Use the following link to book your room:

We are just now beginning to announce the confirmed sessions. Check this page regularly for updates.

Next Generation Real Time Architectures

Karthik Ramasamy - Streamlio

Across diverse segments in industry, there has been a shift in focus from Big Data to Fast Data. This is driven by enterprises not only producing data in volume but also at high velocity. Many daily business operations depend on real-time insights and how enterprises react to those situations. In this talk, we will describe what constitutes a real time stack and how the stack is organized to provide an end to end real time experience. Next generation real time stack consists of Apache Pulsar, a messaging system, Heron, a distributed streaming engine and Apache BookKeeper that provides a fast streaming storage. We will delve into details of each of the systems and explain why these systems are better than the previous generation system.

Machine Learning: From The Lab To The Factory

John Akred - Silicon Valley Data Science

When data scientists are done building their models, there are questions to ask:
* How do the model results get to the hands of the decision makers or applications that benefit from this analysis?
* Can the model run automatically without issues and how does it recover from failure?
* What happens if the model becomes stale because it was trained on data that is no longer relevant?
* How do you deploy and manage new versions of that model without breaking downstream consumers?
This talk will illustrate the importance of these questions and provide a perspective on how to address them. John will share experiences deploying models across many enterprises, some of the problems we encountered along the way, and what best practice is for running machine learning models in production.

Introduction to SparkR in AWS EMR (90 minute session)

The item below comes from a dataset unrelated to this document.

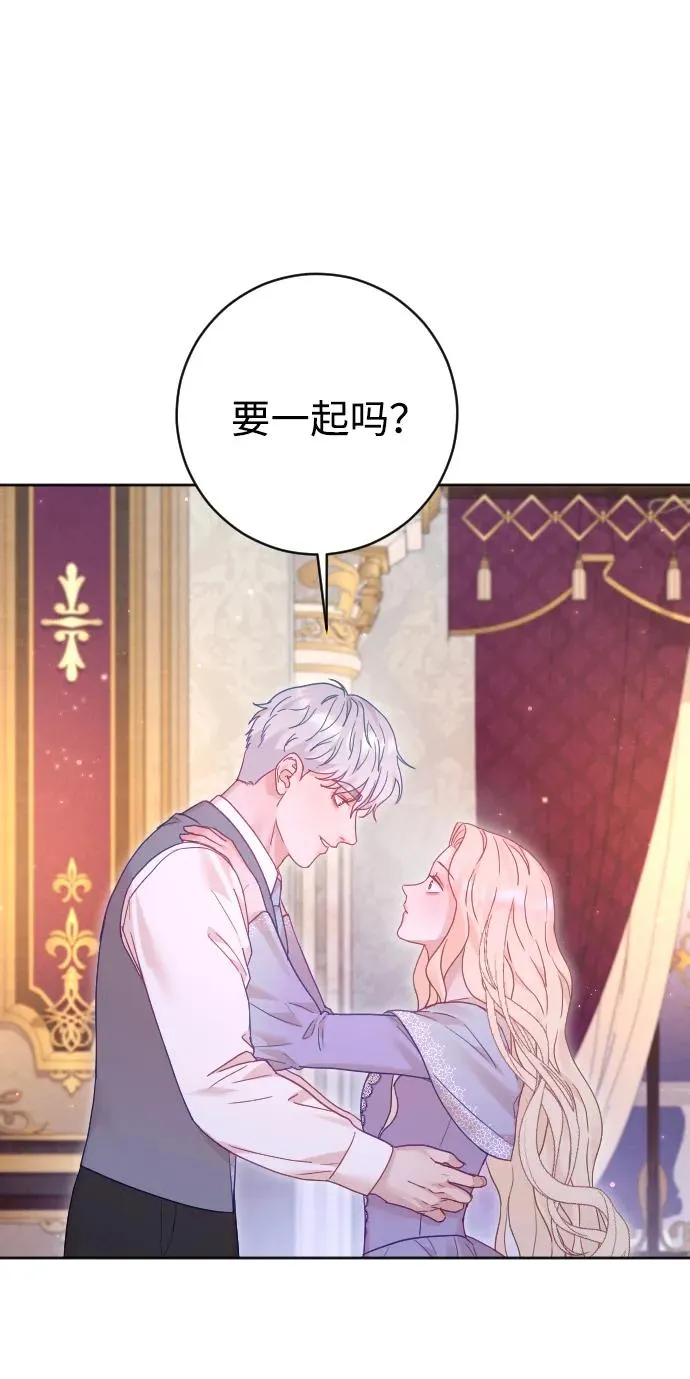 第61话 第77页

Alex Engler - Urban Institute

This session is a hands-on tutorial on working in Spark through R and RStudio in AWS Elastic MapReduce (EMR). The demonstration will overview how to launch and access Spark clusters in EMR with R and RStudio installed. Participants will be able to launch their own clusters and run Spark code during an introduction to SparkR, including the SparklyR package, for data science applications. Theoretical concepts of Spark, such as the directed acyclic graph and lazy evaluation, as well as mathematical considerations of distributed methods will be interspersed throughout the training. Follow up materials on launching SparkR clusters and tutorials in SparkR will be provided.
Intended Audience: R users who are interested in a first foray into distributed cloud computing for the analysis of massive datasets. No big data, dev ops, or Spark experience is required.

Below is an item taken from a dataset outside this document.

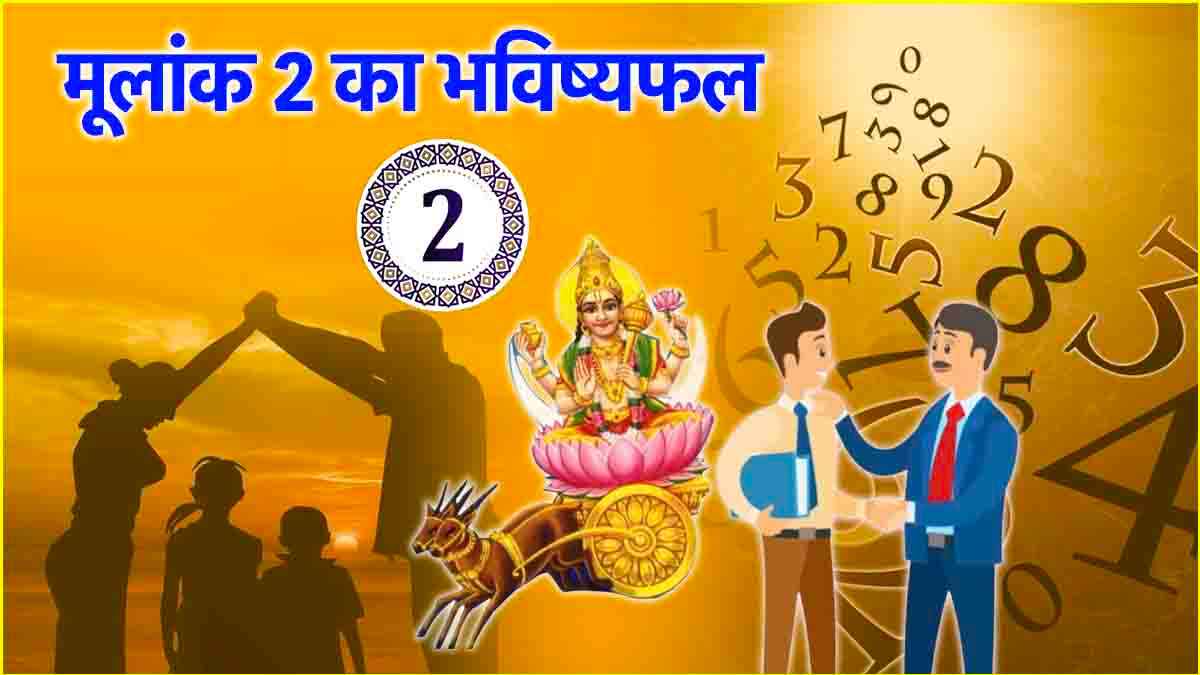 Video: चंद्र के मूलांक 2 वालों के जीवन में जल्द बढ़ेंगी खुशियां, मिलेगी नई नौकरी!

Autopiloting #realtime processing in Heron

Karthik Ramasamy - Streamlio

Several enterprises have been producing data not only at high volume but also at high velocity. Many daily business operations depend on real-time insights, therefore real-time processing of the data is gaining significance. Hence there is a need for a scalable infrastructure that can continuously process billions of events per day the instant the data is acquired. To achieve real time performance at scale, Twitter developed and deployed Heron, a next-generation cloud streaming engine that provides unparalleled performance at large-scale. Heron has been successfully meeting the strict performance requirements for various streaming applications and is now an open source project with contributors from various institutions. Heron faced some crucial challenges from developers and operators point of view: the manual, time-consuming and error-prone tasks of tuning various configuration knobs to achieve service level objectives (SLO) as well as the maintenance of SLOs in the face of sudden, unpredictable load variation and hardware or software performance degradation.
In order to address these issues, we conceived and implemented Dhalion that aims to bring self-regulating capabilities to streaming systems. Dhalion monitors the streaming application, identifies problems that prohibit the application from meeting its targeted performance and automatically takes actions to recover such as restarting slow processes and scaling up and down resources in case of load variations. Dhalion has been built as an extension to Heron and contributed back open source. In this talk, I will give a brief introduction to Heron and enumerate the challenges that we faced while running in production and describe how Dhalion solves some of the challenges. This is a joint work with Avrilia Floratou and Ashvin Agrawal at Microsoft and Bill Graham at Twitter. .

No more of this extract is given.